*PROBLEM REQUIREMENTS*
The answer is all of the entries below, repeated exactly and free of pictures.

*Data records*

╭──

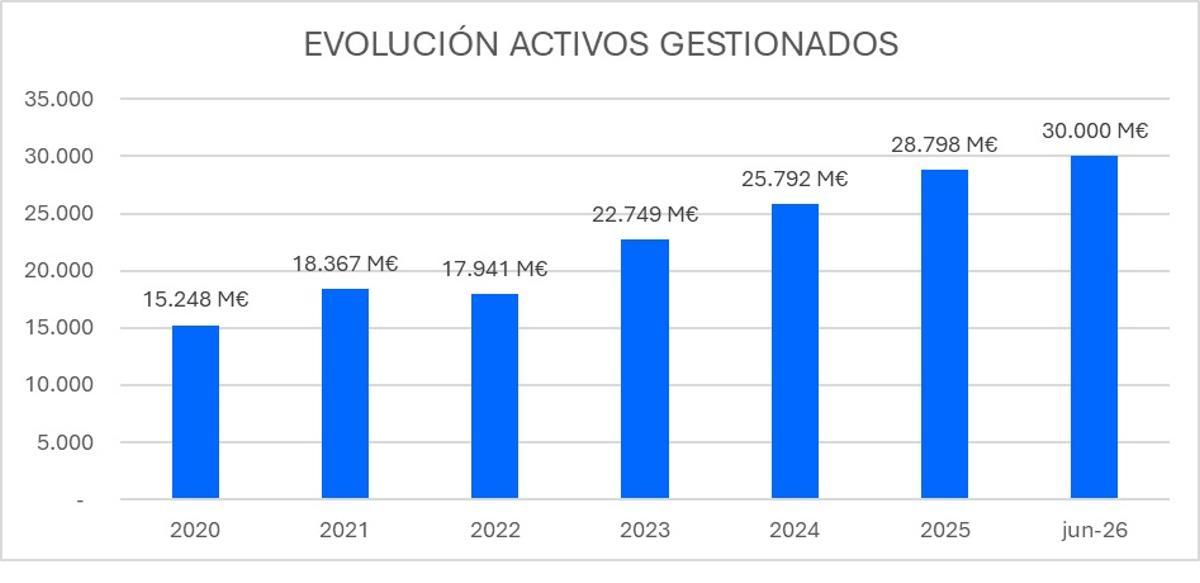 Ibercaja supera los 30.000 millones de euros de patrimonio gestionado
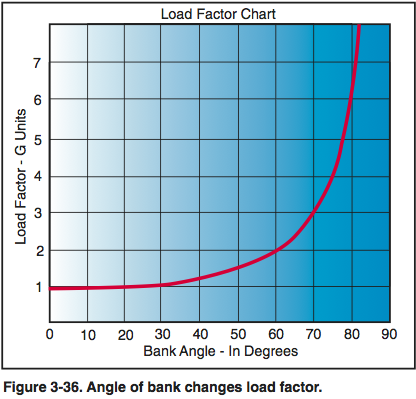 Load Factor Stall Speed Chart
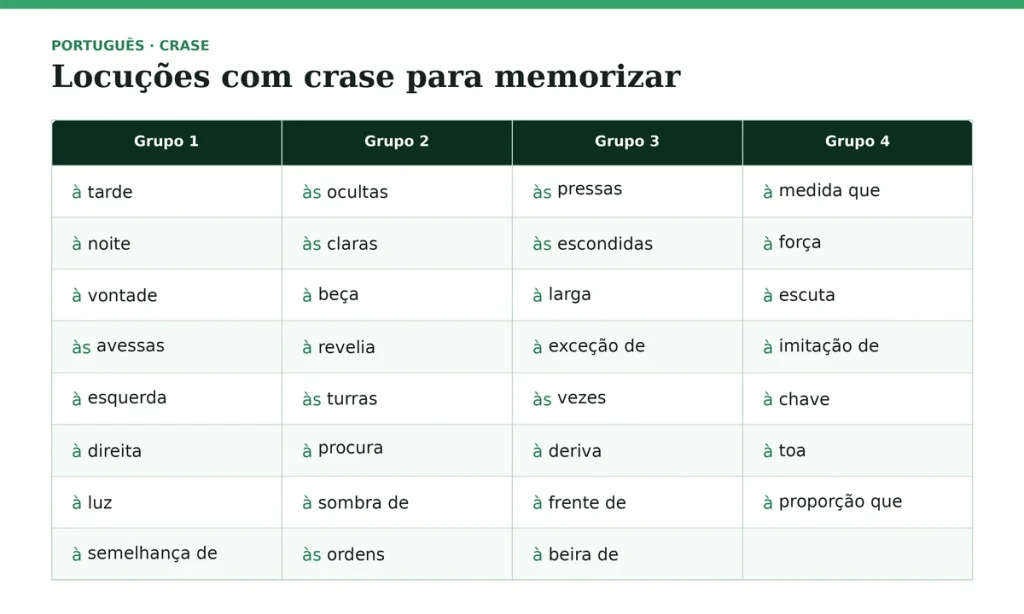 quadro locuções crase para memorizar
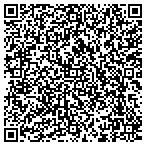 QR code with Masterpiece Window Treatment Design contacts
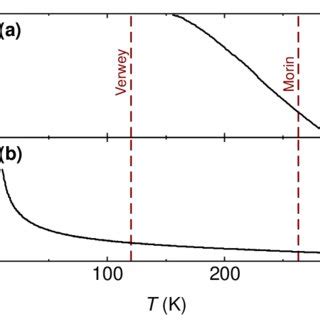 A Room Temperature Magnetization Versus Applied Magnetic Field Curves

╰──

*RESPONSE BELOW*
 Ibercaja supera los 30.000 millones de euros de patrimonio gestionado
 Load Factor Stall Speed Chart
 quadro locuções crase para memorizar
 QR code with Masterpiece Window Treatment Design contacts
 A Room Temperature Magnetization Versus Applied Magnetic Field Curves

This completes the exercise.